Raw data —
※ ※ ※
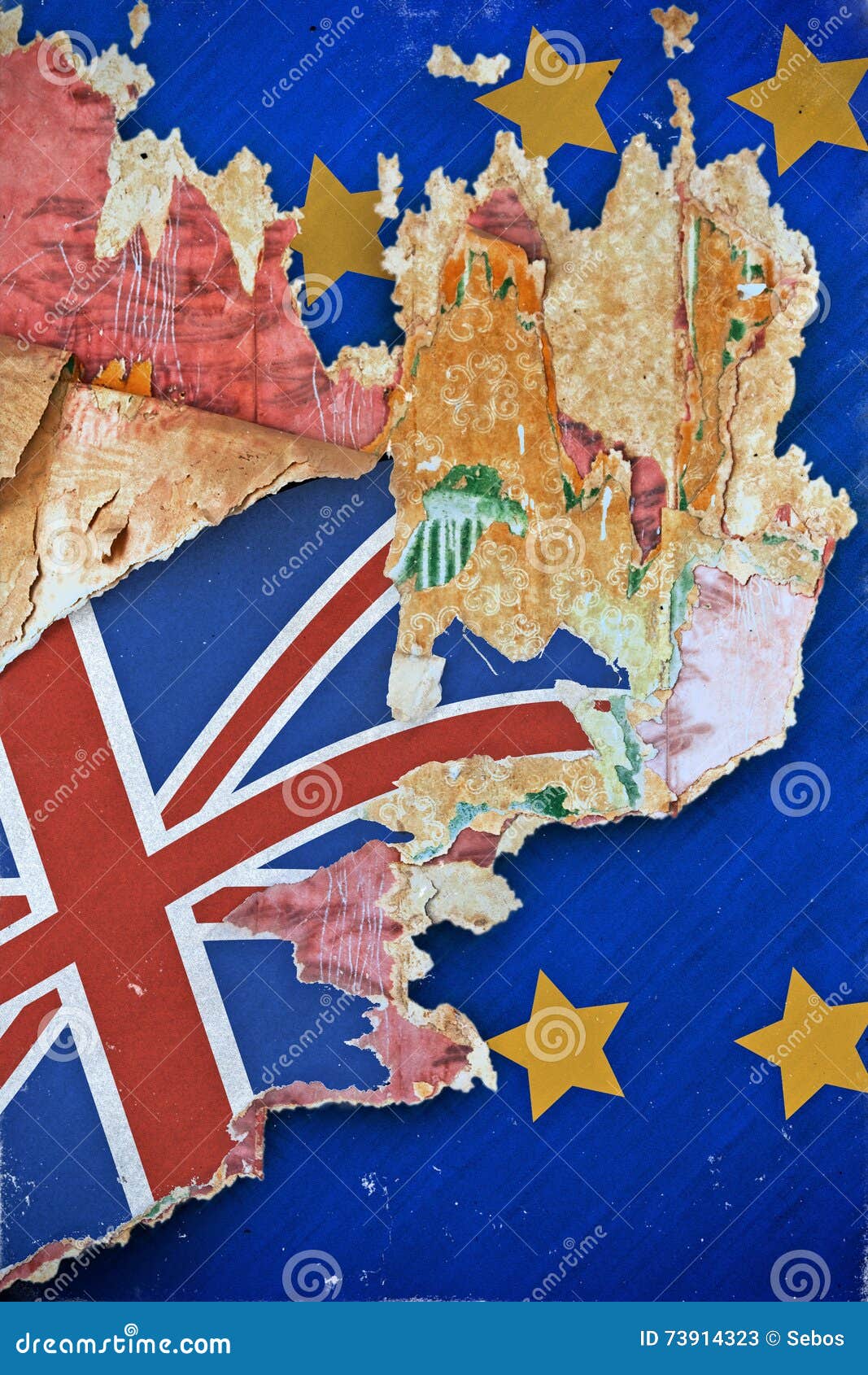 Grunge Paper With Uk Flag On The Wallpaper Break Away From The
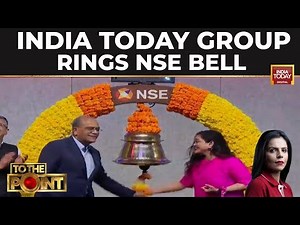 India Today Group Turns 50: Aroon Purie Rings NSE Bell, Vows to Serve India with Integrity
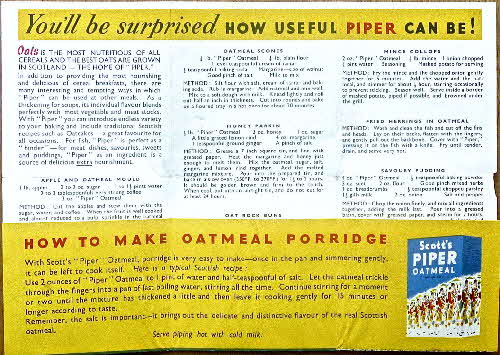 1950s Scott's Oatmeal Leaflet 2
※ ※ ※
Work to be completed — Repeat each line of the material exactly, please, and skip every picture.

Solution for this problem —
 Grunge Paper With Uk Flag On The Wallpaper Break Away From The
 India Today Group Turns 50: Aroon Purie Rings NSE Bell, Vows to Serve India with Integrity
 1950s Scott's Oatmeal Leaflet 2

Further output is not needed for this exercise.